## Work required
Without pictures, return the lines from the one containing "Cuc Phuong Mineral Retreat" through the last line of the data below, exactly.

## Data provided
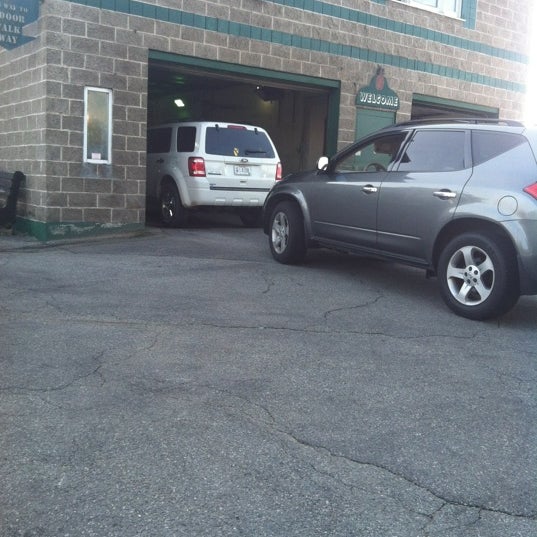 Yvon's Supersonic Car Wash Downtown Lewiston 1 tip from 43 visitors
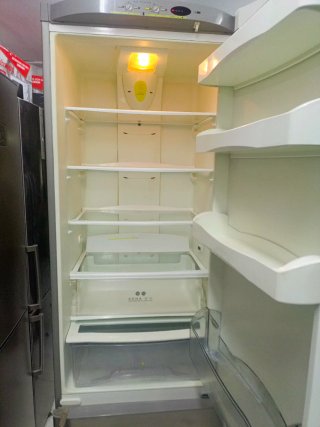 Nevera combi marca Fagor 200/60 A+ con garantía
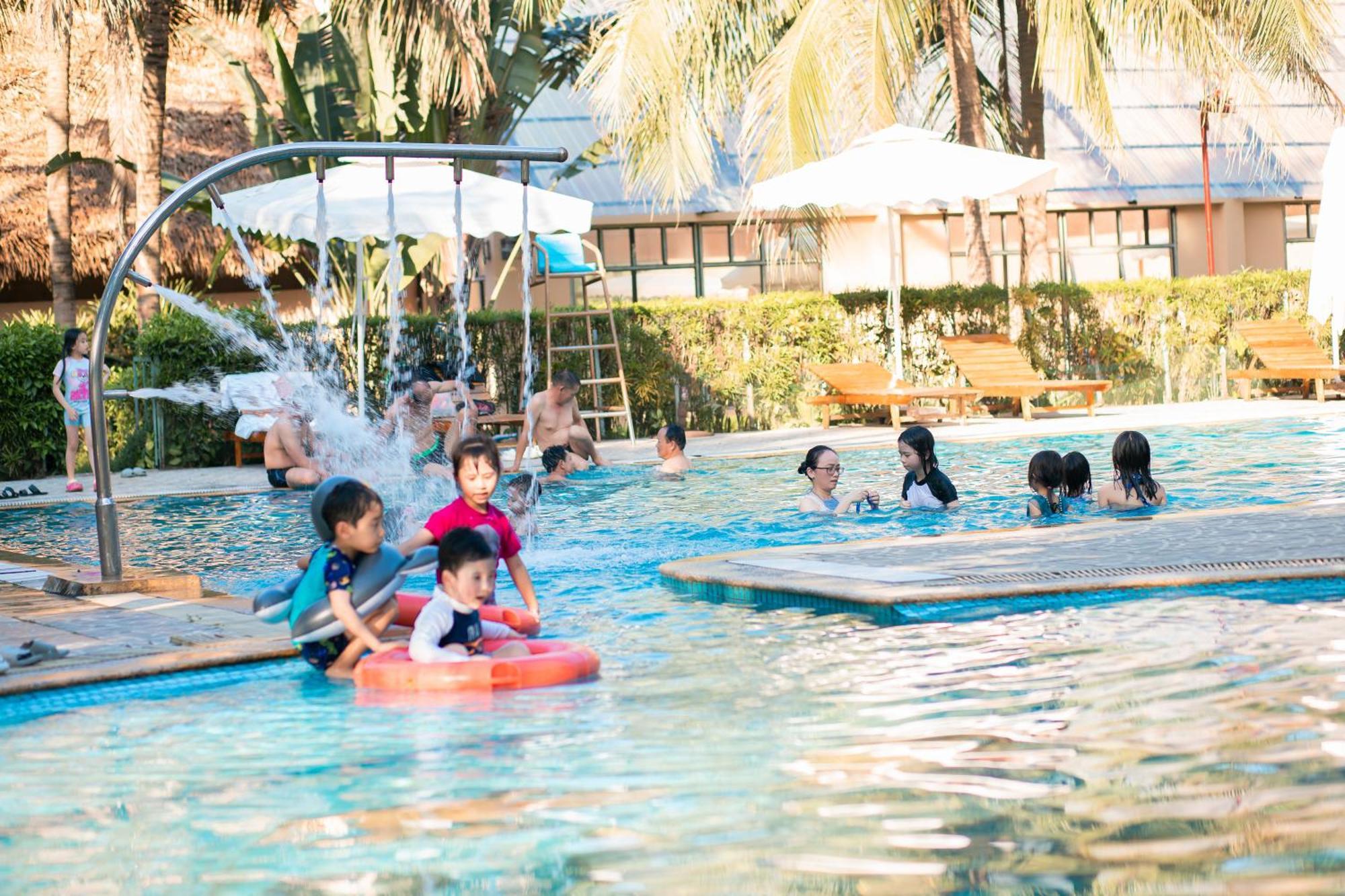 Cuc Phuong Mineral Retreat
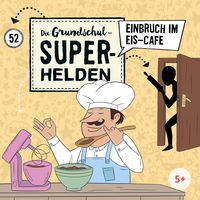 Produktbild: Folge 52: Einbruch im Eiscaf&eacute;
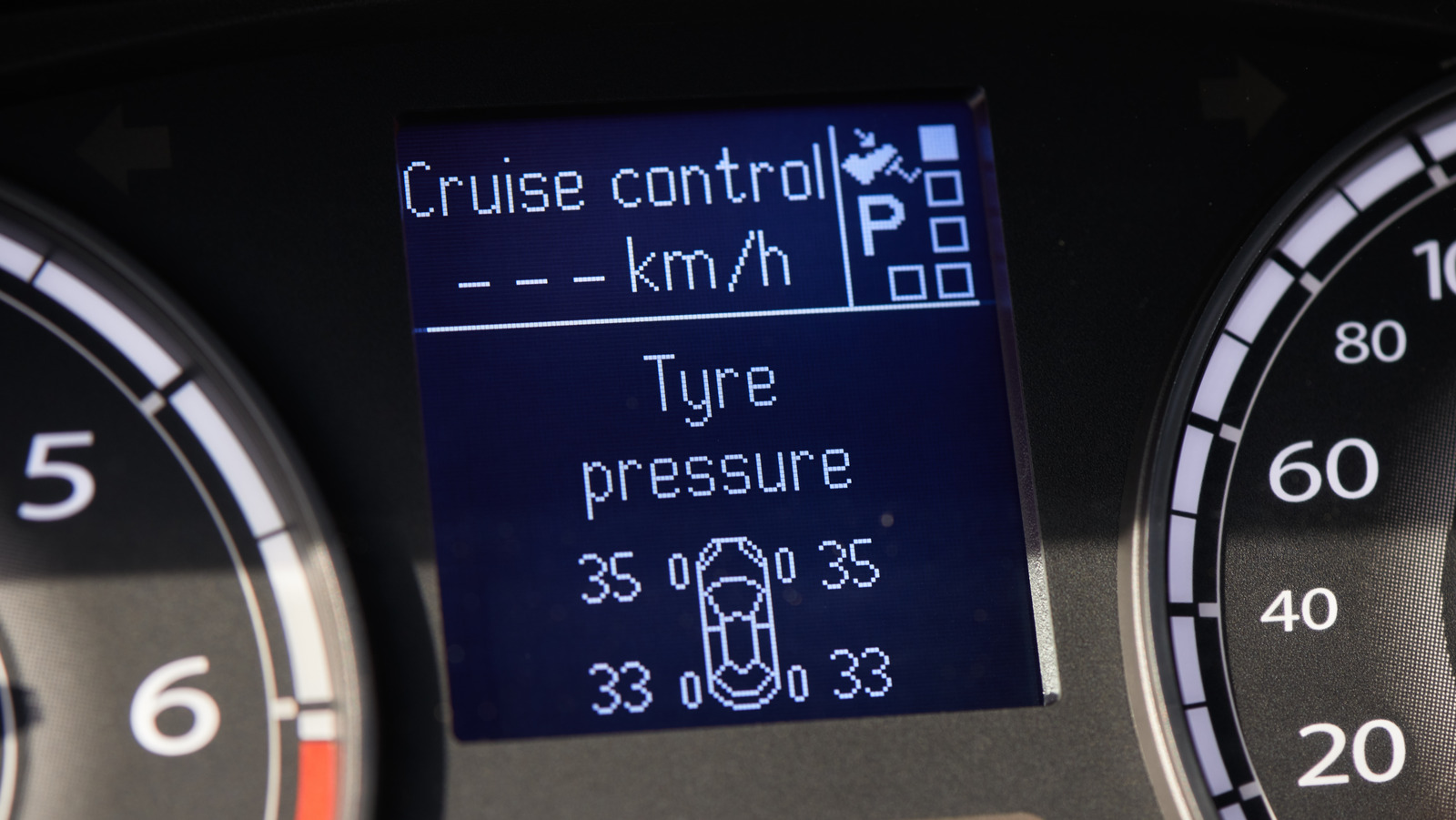 Here’s How Reliable Your Tire Pressure Monitoring System Is, According To AAA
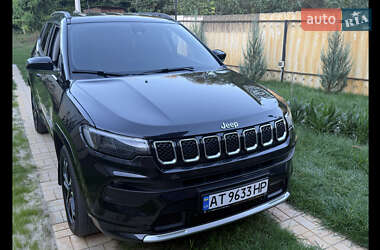 Jeep Compass  2021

## Solution for this problem
 Cuc Phuong Mineral Retreat
 Produktbild: Folge 52: Einbruch im Eiscaf&eacute;
 Here’s How Reliable Your Tire Pressure Monitoring System Is, According To AAA
 Jeep Compass  2021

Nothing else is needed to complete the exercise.